Instructions to follow » Would you return each record that follows word for word, without its pictures?

Data for review »
------------------------------------------------------------
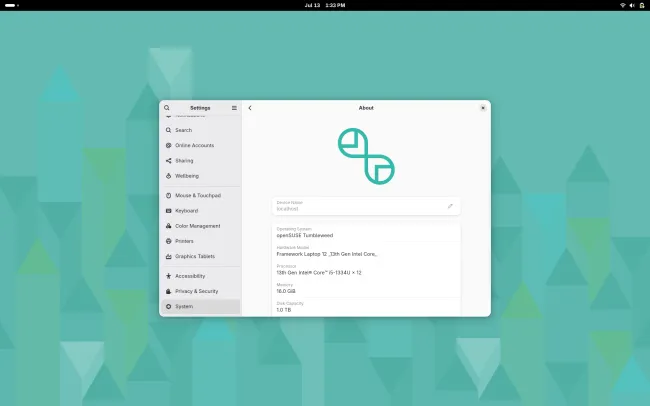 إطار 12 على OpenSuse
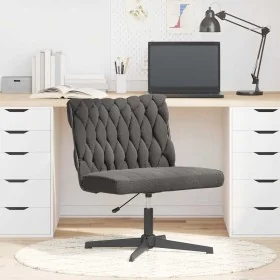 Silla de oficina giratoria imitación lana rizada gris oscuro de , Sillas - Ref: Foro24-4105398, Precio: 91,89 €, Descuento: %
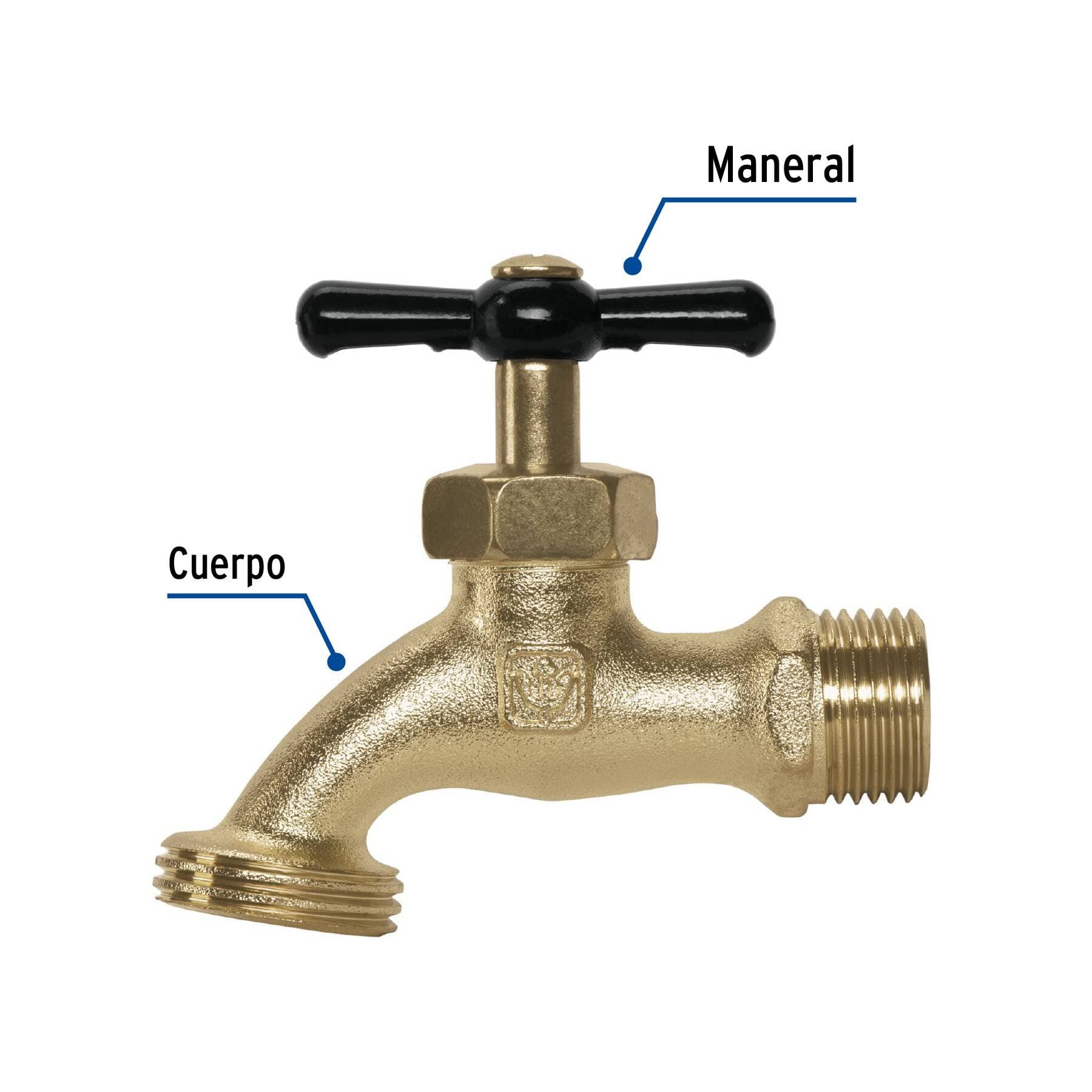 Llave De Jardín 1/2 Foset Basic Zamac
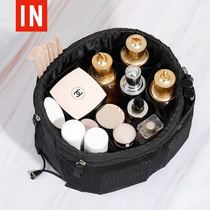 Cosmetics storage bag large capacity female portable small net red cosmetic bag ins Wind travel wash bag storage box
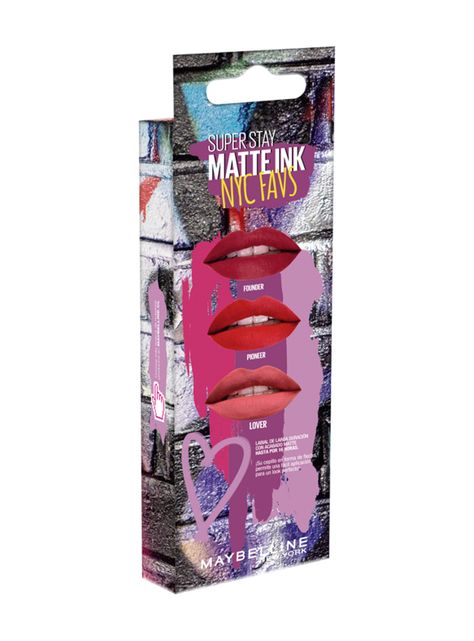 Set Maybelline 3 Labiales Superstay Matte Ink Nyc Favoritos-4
------------------------------------------------------------
Answer to this exercise »
 إطار 12 على OpenSuse
 Silla de oficina giratoria imitación lana rizada gris oscuro de , Sillas - Ref: Foro24-4105398, Precio: 91,89 €, Descuento: %
 Llave De Jardín 1/2 Foset Basic Zamac
 Cosmetics storage bag large capacity female portable small net red cosmetic bag ins Wind travel wash bag storage box
 Set Maybelline 3 Labiales Superstay Matte Ink Nyc Favoritos-4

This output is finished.